++++ Given data ++++
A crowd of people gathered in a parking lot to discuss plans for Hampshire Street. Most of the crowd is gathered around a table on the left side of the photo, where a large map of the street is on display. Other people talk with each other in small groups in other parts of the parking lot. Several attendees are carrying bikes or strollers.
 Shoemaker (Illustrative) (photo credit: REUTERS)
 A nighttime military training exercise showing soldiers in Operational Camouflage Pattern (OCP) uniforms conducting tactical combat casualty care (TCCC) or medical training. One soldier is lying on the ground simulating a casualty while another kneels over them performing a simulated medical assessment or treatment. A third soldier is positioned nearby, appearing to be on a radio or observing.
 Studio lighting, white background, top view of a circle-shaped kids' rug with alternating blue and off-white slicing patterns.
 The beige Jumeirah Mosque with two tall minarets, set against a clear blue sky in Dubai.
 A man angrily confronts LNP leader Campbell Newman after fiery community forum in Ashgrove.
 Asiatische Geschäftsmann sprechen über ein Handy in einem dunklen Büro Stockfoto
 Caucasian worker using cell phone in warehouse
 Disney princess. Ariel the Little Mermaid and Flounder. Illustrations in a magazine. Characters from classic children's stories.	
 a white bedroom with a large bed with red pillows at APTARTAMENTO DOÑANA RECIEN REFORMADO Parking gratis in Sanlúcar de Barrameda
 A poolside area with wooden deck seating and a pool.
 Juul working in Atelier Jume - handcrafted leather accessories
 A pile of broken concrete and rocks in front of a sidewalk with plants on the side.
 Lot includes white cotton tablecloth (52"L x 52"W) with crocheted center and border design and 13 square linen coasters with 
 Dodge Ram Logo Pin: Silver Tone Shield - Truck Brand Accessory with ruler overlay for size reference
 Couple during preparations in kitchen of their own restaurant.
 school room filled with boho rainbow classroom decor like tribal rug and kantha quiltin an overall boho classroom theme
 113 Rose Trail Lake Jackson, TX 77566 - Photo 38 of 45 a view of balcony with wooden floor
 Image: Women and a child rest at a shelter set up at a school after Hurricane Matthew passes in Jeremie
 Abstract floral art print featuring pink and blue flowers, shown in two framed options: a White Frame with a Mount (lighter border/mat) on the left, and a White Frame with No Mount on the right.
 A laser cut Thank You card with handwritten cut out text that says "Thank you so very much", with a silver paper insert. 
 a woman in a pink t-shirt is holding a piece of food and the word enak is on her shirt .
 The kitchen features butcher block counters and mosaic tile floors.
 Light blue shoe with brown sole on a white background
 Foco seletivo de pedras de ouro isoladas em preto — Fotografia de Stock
++++
- [What to produce] Using the line that contains "a woman in a" as the first, reproduce each line exactly through the last line of the listing.

- [Answer box]
 a woman in a pink t-shirt is holding a piece of food and the word enak is on her shirt .
 The kitchen features butcher block counters and mosaic tile floors.
 Light blue shoe with brown sole on a white background
 Foco seletivo de pedras de ouro isoladas em preto — Fotografia de Stock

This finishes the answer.